Als „starken Fall“ für die zentrale IT sieht Dell-Manager Dümig die Private Cloud, weil man so wichtige Skaleneffekte erzielen könne. Bei der Nutzung einer externen oder Pu­blic Cloud sei es hingegen „gar nicht mal schlecht“, mit Außenstellen dezentral zu arbeiten, weil diese dann auch direkt darauf zugreifen könnten. In den Fachabteilungen gebe es viele innovativ denkende Menschen, aber Skepsis gegenüber Veränderungen sei dort ebenfalls weit verbreitet und mitunter auch angebracht – zum Beispiel, wenn der Vorstand die Cloud anstrebt, die IT-Mitarbeiter aber entsetzt zu überlegen anfangen, wie das überhaupt realisiert werden könnte, von sicherheitstechnischen und juristischen Fragen ganz abgesehen.

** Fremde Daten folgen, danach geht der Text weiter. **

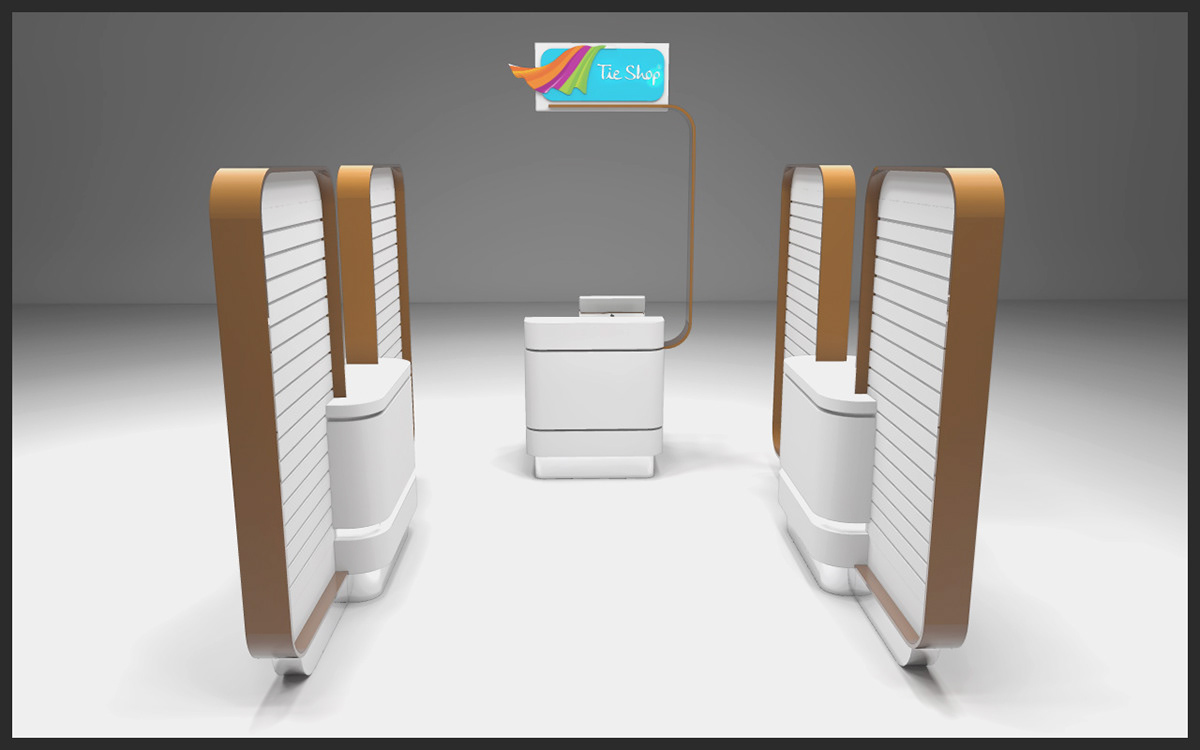 Floor Standing Mobile Showcase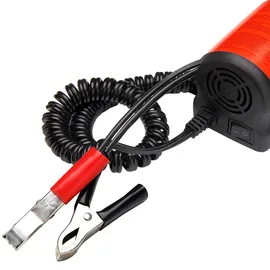 monzana Ölabsaugpumpe elektrisch 12V Kunststoff 5 l/min rot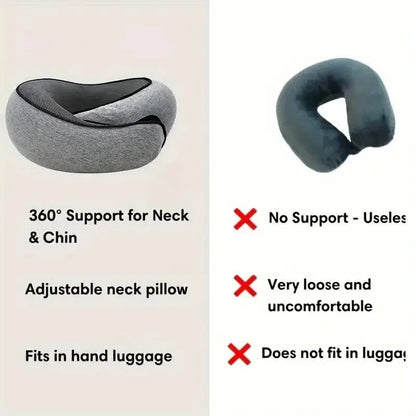 Snail Memory Travel Comfort Pillow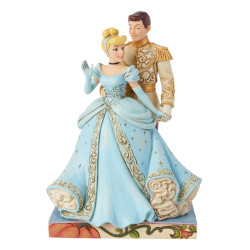 CINDERELLA AND PRINCE STATUE 15 CM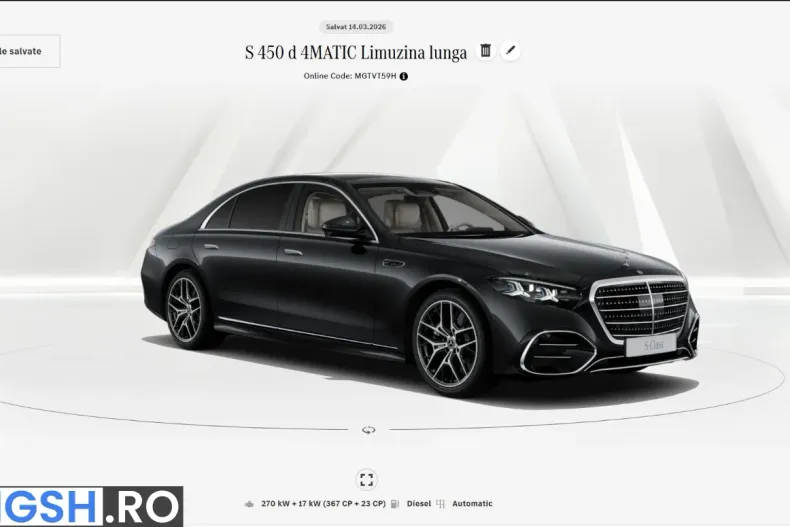 Mercedes-Benz S din 2026 cu 1 km - oferta MER202674 - foto 3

„Denn wenn nicht sichergestellt werden kann, dass die Daten in Deutschland bleiben, dann dürfen manche Dinge gar nicht in die Cloud gegeben werden“, so Dümig. Das wiede­rum kann ein starkes Argument für den CIO im Vorstand sein, setzt aber voraus, dass sich bei ihm strategisches Denken mit Sachverstand paart und er nicht schon zu weit weg von der operativen IT-Basis ist.